Tax Break Standoff
Editor's Note: These stories display good stenographic skills, but seem to be a wee bit short on context and background. The Cool Justice Report asks: Might there be other undeclared relationships with the business seeking the tax break?
Council Tables Vote On Proposal
Would Alter Tax Pact With Bank
By LARRY SMITH
Courant Staff Writer
August 2, 2007
Town council members tabled a vote Wednesday on a proposed amendment that would shorten the duration of a tax abatement agreement with Enfield Federal Savings & Loan Association.
During the special meeting, council members were considering a proposal that would make that and other changes to the agreement the council approved in December 2005. The vote was put off for a regular meeting.
The approval in 2005 was based in part on the new jobs the bank would create and on its efforts in helping to revitalize the Thompsonville section of town. The bank tore down buildings that were in poor condition in order to construct its 19,051-square-foot headquarters at Enfield and Elm streets.
Under the original seven-year agreement, the town set the bank building's assessed value at 30 percent of the total in the first year and 35, 45, 55, 65, 75 and 80 percent in years two through seven. In exchange, the bank guaranteed it would create 39 jobs at its offices in Enfield.
Bank officials later told the town that the 39 jobs would be spread throughout its offices including ones in other communities, according to the proposed resolution to amend the agreement.
The proposed amendment calls for the tax abatement period to be shortened to four years, with the bank building's assessment set at 50 percent in the first year, and 41, 41 and 37 percent in the succeeding years.
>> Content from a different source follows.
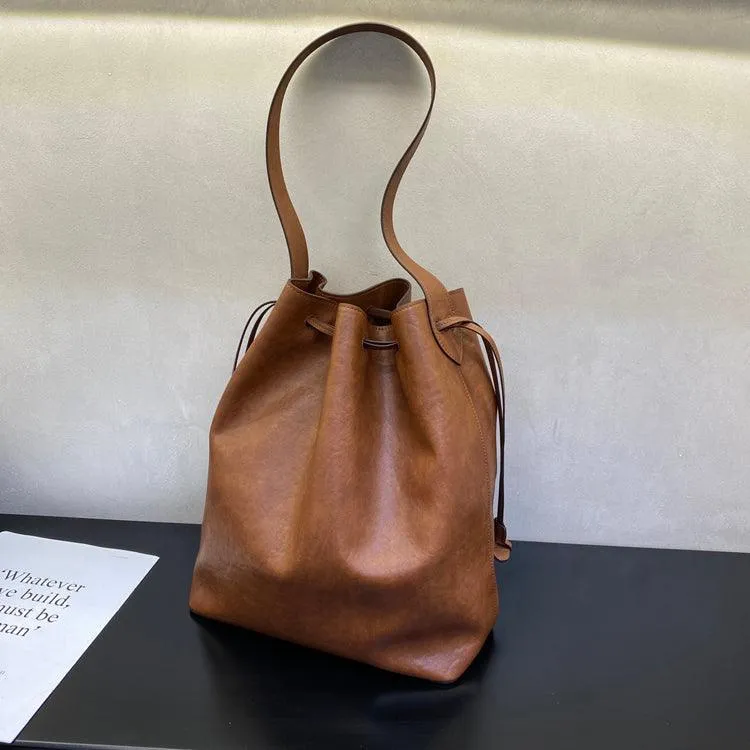 Elegant Cowhide Leather Bucket Tote Bag with Wide Strap?C Large Shoulder and Crossbody Bag for Women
In exchange, the bank would promise to create 21 full-time jobs in its Enfield offices.
Council tables tax abatement
for Enfield Federal Savings and Loan
ENFIELD - The Town Council on Wednesday tabled a vote on a proposal to shorten by three years the tax abatement agreement for the Enfield Federal Savings and Loan Association.
The proposal would have reduced the duration of the original agreement, approved by the council in 2005, from seven to four years.
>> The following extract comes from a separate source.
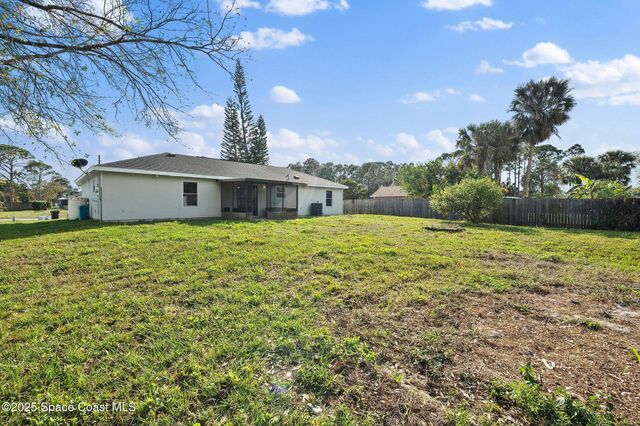 1365 Defender Street NW, Palm Bay, FL 32907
The proposal included a provision that property taxes would be paid on 50 percent of the $3.2 million building's assessed value during the first year of the agreement. During two of the following years, taxes would be paid on 41 percent of the building's assessed value, then 37 percent.
Enfield Federal Savings and Loan, which is operated by New England Bancshares Inc., constructed a 19,051-square-foot, two-story building on the corner of Elm and Enfield Streets.
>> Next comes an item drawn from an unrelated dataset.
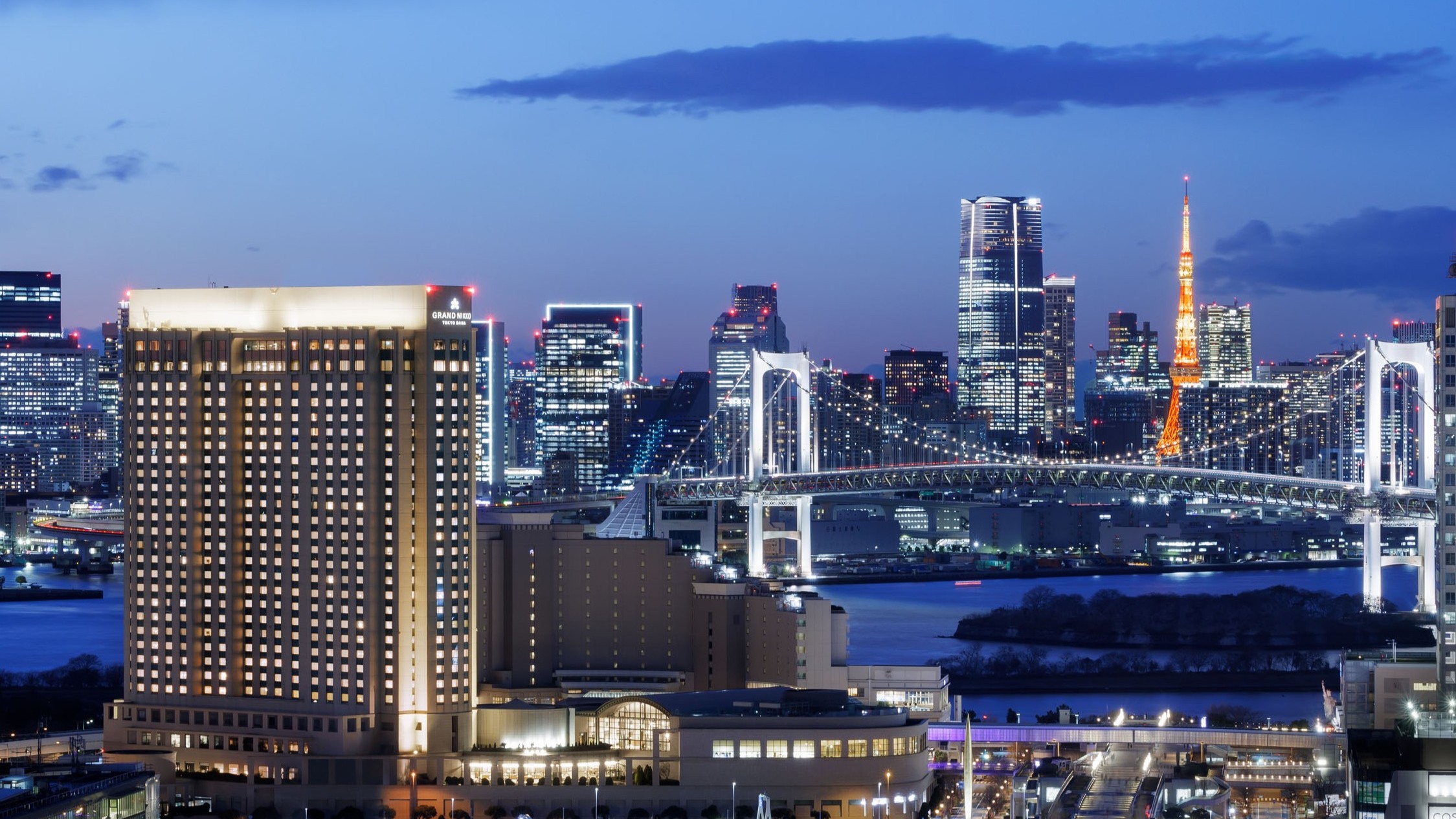 ホテル外観（夜景）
Under the original agreement, property taxes would be paid on 30 percent of the building's assessed value during the first year of the agreement.
During the next six years, that percentage increases steadily to 35, 45, 55, 65, 75, and 80 percent of the property's assessed value.
Towns occasionally use tax abatements to entice economic development and job growth.
Tied to the original tax abatement agreement was a promise by Enfield Federal Savings and Loan to add 39 full-time positions to its staff over the course of the agreement.
However, after the agreement was approved, bank officials indicated that the new positions would be spread over various branches and offices, including those in other towns.